If a line in the data has the string "with", please show it.

□ □ □ □

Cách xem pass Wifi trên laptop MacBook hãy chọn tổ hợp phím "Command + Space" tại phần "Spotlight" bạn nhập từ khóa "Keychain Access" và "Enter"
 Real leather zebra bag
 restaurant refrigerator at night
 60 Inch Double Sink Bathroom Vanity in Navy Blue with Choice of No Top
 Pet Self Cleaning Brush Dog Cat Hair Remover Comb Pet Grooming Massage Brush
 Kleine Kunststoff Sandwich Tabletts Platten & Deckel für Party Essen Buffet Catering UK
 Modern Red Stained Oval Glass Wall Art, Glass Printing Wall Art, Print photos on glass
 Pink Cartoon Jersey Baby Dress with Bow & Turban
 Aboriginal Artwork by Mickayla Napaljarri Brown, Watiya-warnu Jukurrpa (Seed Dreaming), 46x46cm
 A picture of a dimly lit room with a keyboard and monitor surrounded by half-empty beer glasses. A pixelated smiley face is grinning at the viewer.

□ □ □ □

ANSWER BOX:
 60 Inch Double Sink Bathroom Vanity in Navy Blue with Choice of No Top
 Pink Cartoon Jersey Baby Dress with Bow & Turban
 A picture of a dimly lit room with a keyboard and monitor surrounded by half-empty beer glasses. A pixelated smiley face is grinning at the viewer.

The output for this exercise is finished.